The God of all comfort is aware of distress experienced by his servants and wants to give them relief. In the case of Paul’s concern over the Corinthians, relief came through his Christian associate Titus. This is one way that we may be comforted today. When we are distressed, we should therefore avoid isolating ourselves. (Proverbs 18:1) Association with fellow Christians is one of the means by which God comforts us. We may think: ‘I am so downhearted that I am not strong enough to be with my Christian friends.’ However, we should fight such feelings and not deprive ourselves of the comfort that fellow believers can offer.
Do Not Give Up!
Some of us may not have experienced a trial having such impact that we have suffered severe depression. But debilitating illness, the death of a marriage mate, or another very trying situation could bring on emotional distress. If that should occur, let us not conclude that we are necessarily sick spiritually. A depressed person may be well qualified for God’s service, even being able to help others spiritually. Paul urged the brothers to “speak consolingly to the depressed souls,” not suspiciously thinking that they had done something wrong and were spiritually sick. (1 Thessalonians 5:14) Though depression is sometimes associated with wrongdoing and guilt, that is not the case with those serving God out of a pure heart. Their worship, perhaps rendered with extreme difficulty, is acceptable to Jehovah. He loves them and comes to their aid with needed help and comfort.—Psalm 121:1-3.
Those making up the remnant of spiritual Israel were sorely distressed by trials in the year 1918. (Compare Galatians 6:16.) Their preaching organization was nearly destroyed, some of them were wrongfully imprisoned, and many of their former associates became disloyal, opposing apostates. Moreover, the faithful anointed ones did not understand why God had allowed all of this to happen. For some time ‘they sowed seed with tears,’ but they did not give up. They kept on serving Jehovah and also examined themselves. The result? They ‘came in with a joyful cry, carrying along their sheaves.’ (Psalm 126:5, 6) The anointed now realize that God allowed such trials in order to purify them for their approaching international harvest work.

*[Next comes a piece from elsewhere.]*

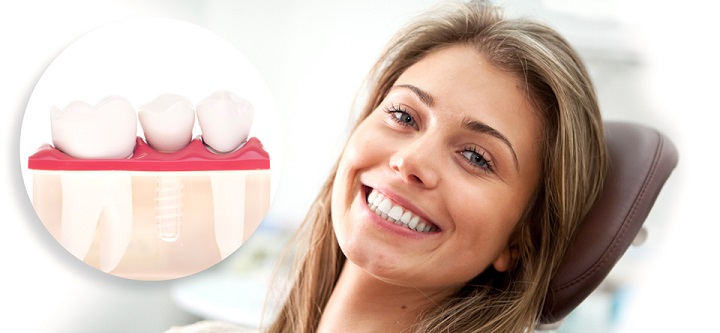 Имплантация зубов у женщин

If we should become distressed because we are beset by various trials, we can benefit from the experience of the anointed remnant. Instead of giving up, let us keep on doing what is right, even if we must do so while weeping. In time, there will be a way out of our trials, and we will ‘come in with a joyful cry.’ Yes, joy—a fruit of God’s holy spirit—will be ours for having endured our trials. For us, Jehovah will surely prove to be “the God of all comfort.”